Supreme Court Curtails Miranda Rights - Now What Do We Do?
Yesterday, in a Southfield, MI murder case the United States Supreme Court dealt a shocking blow to your Constitutional rights. In essence, the Court gutted the People's right to remain silent under the long established Miranda Warnings.
Now, according the Supreme Court's 5 to 4 decision in Berghuis v. Tompkins, 08-1470, decided June 1, 2010, if the police read you your rights, your silence is no longer golden. Instead, you must speak up and specifically tell the police that you want to remain silent and that you will not answer any questions. If you do not "affirmatively assert" your right to silence, all bets are off. If you do not affirmatively tell the police you refuse to answer questions, the police may interrogate without restriction - as long as they want - until they get you to say something.
The critical lesson of this case is this: if you are ever confronted or questioned by the police, you MUST specifically tell them that you want to remain silent and that you refuse to answer questions. Just sitting there saying nothing for hours on end is now insufficient to invoke your right to remain silent.
Because of yesterday's court decision, remember to respectfully and politely tell the police the following:
- I do not want to speak with you.
- I refuse to answer questions.
- I would like to speak with my attorney.
Then, do not waiver and stand firm on your constitutional rights.

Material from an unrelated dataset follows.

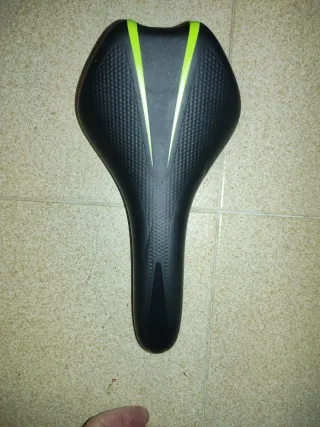 Asiento de Bicicleta Negro y Verde
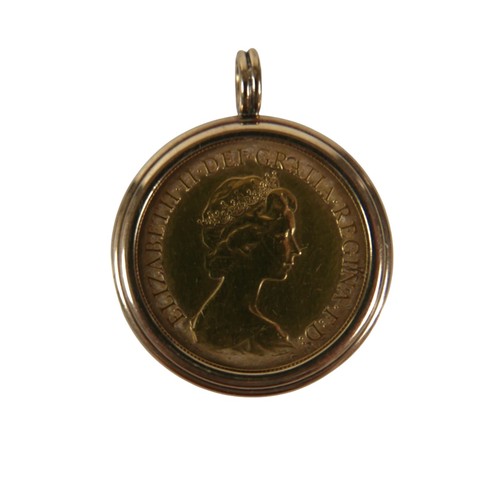 14 - An Elizabeth II gold sovereign, 1982, in yellow metal pendant mount, 24.2mm diameter, 11.2g.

If and when the time comes that making a statement is in your best interest, you will have ample time to do so - after consulting with an experienced criminal defense attorney. Until then, tell the police you want to stay silent and that you refuse to answer questions. Also, ask for a lawyer. Then shut up! In the long run, this approach may keep a bad situation from getting worse. It may also keep you from going to prison.